Palmeras de la brisa rápida
Juan
Villoro
Altaïr
Barcelona,
2016
186
páginas
“Parece
imposible que el mundo real sea esa deriva”. La cita está trucada. En el libro
aparece con bastante texto por delante y una coda a continuación. Es parte de
una frase más larga, con sus subordinadas a coro y los tonos de la excelente
prosa de Juan Villoro (Mexico D.F., 1956). Pero sirve para definir el sentido
del viaje para Villoro. O sientes que parece imposible que el mundo real sea la
deriva a la que asistes, o no has viajado. “Los grandes viajes son testimonio
de coraje”, dice; con lo cual suponemos que este viaje pacífico que emprende a
Yucatán supone un acopio de valor. En buena medida, un valor equivalente al de
conocer o reconstruir a una madre de la que no pudiste disfrutar en la
infancia. Por decirlo de otra manera, el hecho de que el mundo real sea esta
deriva, este viento, te hace desencajar la mandíbula, te pone la piel de
gallina, o es así o no has vivido, que es tanto como suponer que no has
viajado. Para saber viajar y para saber vivir hay que estar dispuesto a la
gracia y al llanto, pero sobre todo a reconocer una sorpresa en cada segundo,
hasta en el vuelo de una mosca chocando contra el cristal, esa misma tozudez
que tantas veces contemplaste y que mantiene su estupidez hipnótica. Con ese
espíritu se embarca Juan Villoro en su viaje a la península de Yucatán, un
destino que le coloca en la media distancia de quien será extranjero y al mismo
tiempo que será uno de ellos. Viaja al exterior y viaja a su propio hogar:
“Las
gorditas aceptaban todo sin discriminación y creían que una paratifoidea las
haría estar más cerca del momento
mexicano. Sin embargo, en ese momento, los naturales no queríamos compartir
otra experiencia que el silencio”.
El
libro se abre con un prólogo que narra el origen emocional del viaje, el relato
de una abuela tan original como divergente. “La vida no acierta a terminar”,
afirmaba su abuela; y Villoro se propone conocer de dónde vino esa vida, esa
madre. Su ojo viajero es equidistante casi más por obligación que por devoción,
como si se debiera al registro literario y eso le impidiera entrar más en lo
local en lo que diferencia Yucatán, y sobre todo Mérida, de la capital
mexicana.

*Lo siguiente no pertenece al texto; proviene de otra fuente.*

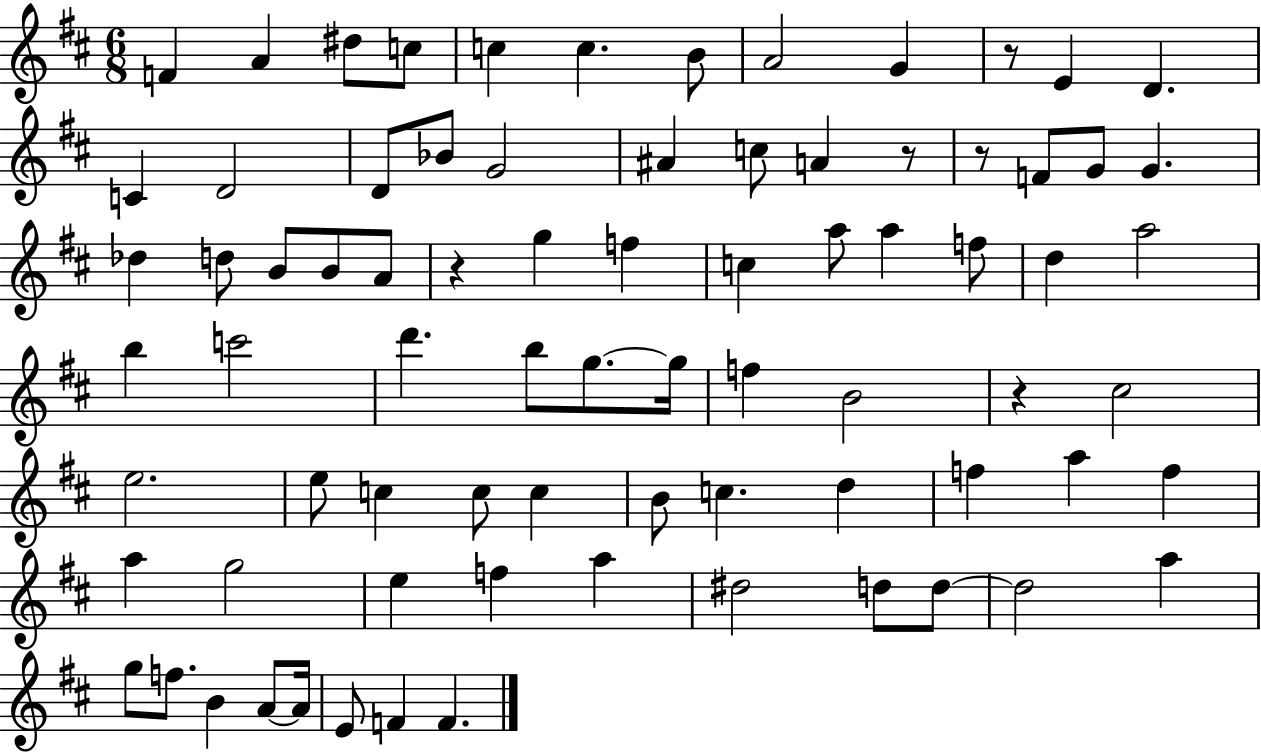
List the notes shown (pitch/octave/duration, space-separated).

F4/q A4/q D#5/e C5/e C5/q C5/q. B4/e A4/h G4/q R/e E4/q D4/q. C4/q D4/h D4/e Bb4/e G4/h A#4/q C5/e A4/q R/e R/e F4/e G4/e G4/q. Db5/q D5/e B4/e B4/e A4/e R/q G5/q F5/q C5/q A5/e A5/q F5/e D5/q A5/h B5/q C6/h D6/q. B5/e G5/e. G5/s F5/q B4/h R/q C#5/h E5/h. E5/e C5/q C5/e C5/q B4/e C5/q. D5/q F5/q A5/q F5/q A5/q G5/h E5/q F5/q A5/q D#5/h D5/e D5/e D5/h A5/q G5/e F5/e. B4/q A4/e A4/s E4/e F4/q F4/q.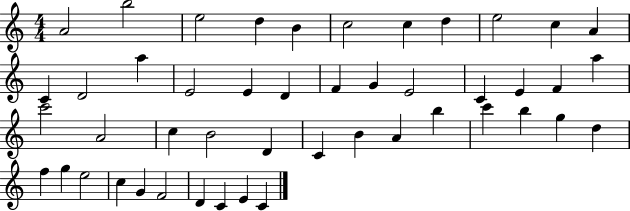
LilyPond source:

{
  \clef treble
  \numericTimeSignature
  \time 4/4
  \key c \major
  a'2 b''2 | e''2 d''4 b'4 | c''2 c''4 d''4 | e''2 c''4 a'4 | \break c'4 d'2 a''4 | e'2 e'4 d'4 | f'4 g'4 e'2 | c'4 e'4 f'4 a''4 | \break c'''2 a'2 | c''4 b'2 d'4 | c'4 b'4 a'4 b''4 | c'''4 b''4 g''4 d''4 | \break f''4 g''4 e''2 | c''4 g'4 f'2 | d'4 c'4 e'4 c'4 | \bar "|."
}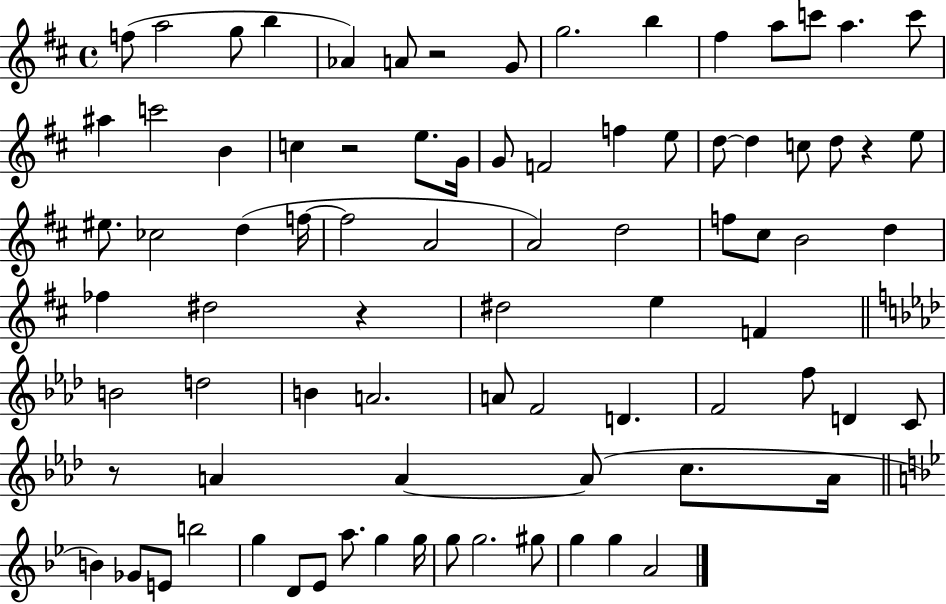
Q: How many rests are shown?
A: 5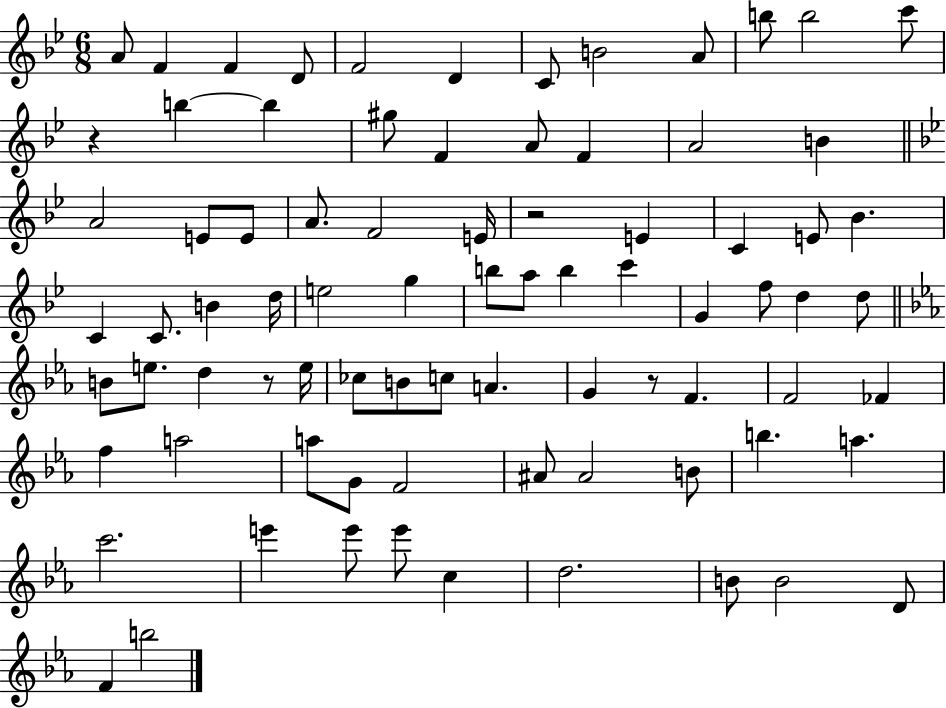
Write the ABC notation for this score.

X:1
T:Untitled
M:6/8
L:1/4
K:Bb
A/2 F F D/2 F2 D C/2 B2 A/2 b/2 b2 c'/2 z b b ^g/2 F A/2 F A2 B A2 E/2 E/2 A/2 F2 E/4 z2 E C E/2 _B C C/2 B d/4 e2 g b/2 a/2 b c' G f/2 d d/2 B/2 e/2 d z/2 e/4 _c/2 B/2 c/2 A G z/2 F F2 _F f a2 a/2 G/2 F2 ^A/2 ^A2 B/2 b a c'2 e' e'/2 e'/2 c d2 B/2 B2 D/2 F b2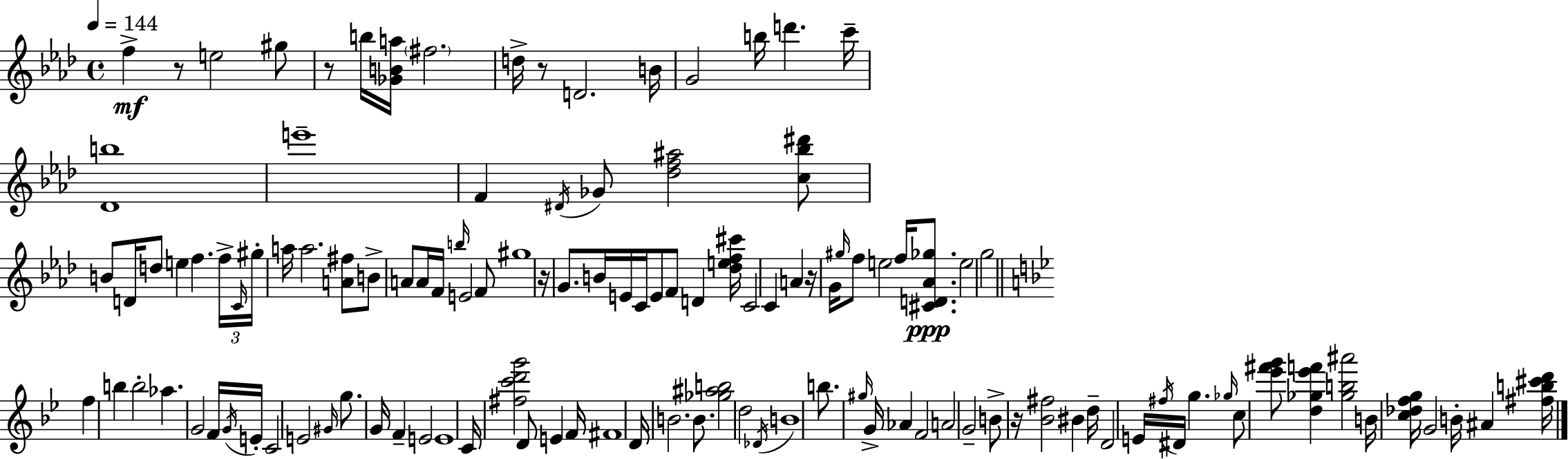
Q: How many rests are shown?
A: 6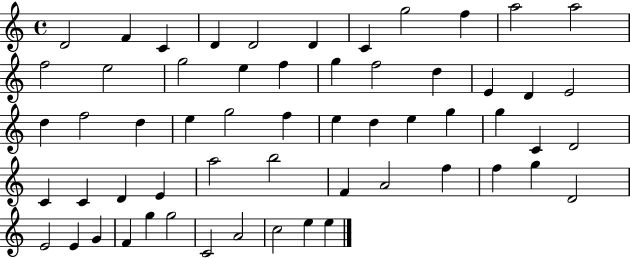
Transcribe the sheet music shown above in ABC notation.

X:1
T:Untitled
M:4/4
L:1/4
K:C
D2 F C D D2 D C g2 f a2 a2 f2 e2 g2 e f g f2 d E D E2 d f2 d e g2 f e d e g g C D2 C C D E a2 b2 F A2 f f g D2 E2 E G F g g2 C2 A2 c2 e e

Esa distancia le permite no idealizar, pero esa forma de
conocimiento, a través de las conversaciones que escucha en las cafeterías y
restaurantes, le permite reproducir el sabor de lo real de una tierra en la que
un día asistes a un combate de lucha libre protagonizado por El Hijo del Santo, y al siguiente visitas
una maquiladora donde las puntadas de ropa se cuenta a millón por minuto y los
salarios a real por millón.
“El
barullo de las otras mesas me hizo sentir al margen –las dos sillas vacías eran
una forma del fracaso- hasta que recibí a la visitante de los desolados: la
conciencia histórica. ¿Quién piensa en civilizaciones cuando tiene amigos?
Jamás me he acordado de los sumerios en una reunión, pero ahí, en la mesa menos viva de la cafetería, repasé mis
ficheros yucatecos”.
Villoro
entiende que este Yucatán a lo que más se asemeja es a un bazar, desde las
playas y los hoteles a las hermosas ciudades coloniales rodeadas de horribles
talleres mecánicos y villas de trabajadores con calles de barro y techos de
hojalata. De alguna manera, ve casi lo que cualquiera podría ver, pero sabe
cómo mirar antes de atreverse a describir. Porque su mirada no es la de
cualquiera, es la de un hombre lleno de metáfora, de sol, de color y pegada a
los detalles que abren el mundo.
El
sin embargo el viaje de Villoro es un viaje realista, porque nada hay más real
que los “personajes que se fugan en la memoria y desaparecen sin dejar más
rastro que una fotografía”. Esa fuga le lleva a escribir sobre el desencanto
pero con aceptación; la decadencia, por ejemplo, de los últimos mayas abocados
a la modernización, sin mostrar rencores por aquellos que ya creen que son
solamente campesinos y no herederos de algo que una civilización que pudo ser
cruel, pero que también fue mística y legendaria y tuvo su comunión con el sol
y con la luna. Y así va enlazando episodios en un libro de viajes tan
fraccionado como sugerente. Villoro nos ahorra la fatiga de enlazar cada
episodio de interés con esos interminables paseos en autobús o discusiones con
taxistas o búsquedas de hotel, con eso que supone recurrir a la guía de viaje
para orientarse. Esa parte se limitaría a enunciar el viaje, pero no aportaría
nada a las conclusiones que extraemos leyéndole, unas conclusiones que gracias
a su escritura sacamos con los cinco sentidos.